“メディア王”マードックに襲いかかる落日

執筆者:梅本逸郎2005年10月号

後継として手塩にかけた長男は去った。盟友の裏切り、ネット部門の出遅れ――新たなメディア再編のうねりが“帝国”を翻弄している。[ニューヨーク発]昨年暮れに登記上の本社を創業の地である豪アデレードからニューヨークに移し、その後も映画、テレビ、新聞と事業各分野で業績はそれなりに好調。だが、名実ともにグローバル総合メディア企業となったはずのニューズ・コーポレーションに、いま終焉の影が静かに忍び寄っている。 後継者として育てた長男の突然の離反、グリーンメーラー(買い占めた株式の高値買い戻しを迫る買収者)と化した盟友、そして何よりも半世紀にわたり強引な合併・買収(M&A)も辞さない手法で帝国を築き上げてきたメディア王、会長兼最高経営責任者(CEO)ルパート・マードック(七四)自身の老い――。 七月二十九日、ニューズ・コープは、ルパートの長男ラクラン(三四)がニューズの最高執行責任者(COO)代行を辞任すると発表した。

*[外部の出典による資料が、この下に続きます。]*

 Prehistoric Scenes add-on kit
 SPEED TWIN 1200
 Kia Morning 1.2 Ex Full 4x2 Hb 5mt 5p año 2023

ニューヨークで配布されたプレスリリースは、父親から息子への情感あふれる手紙のようにも読める。十年前から手元に置いて帝王学を授けてきた長男が、役員メンバーの片隅には残るとはいえ故郷のオーストラリアに帰るという。これに対し父は、「担当した業務は最高益を上げ、全権を託したニューヨーク・ポスト紙も過去最高の発行部数を記録している」と、息子の業績に最大限の賛辞を送るだけでなく、「辞任の決断は悲しいことだ」と嘆いてみせた。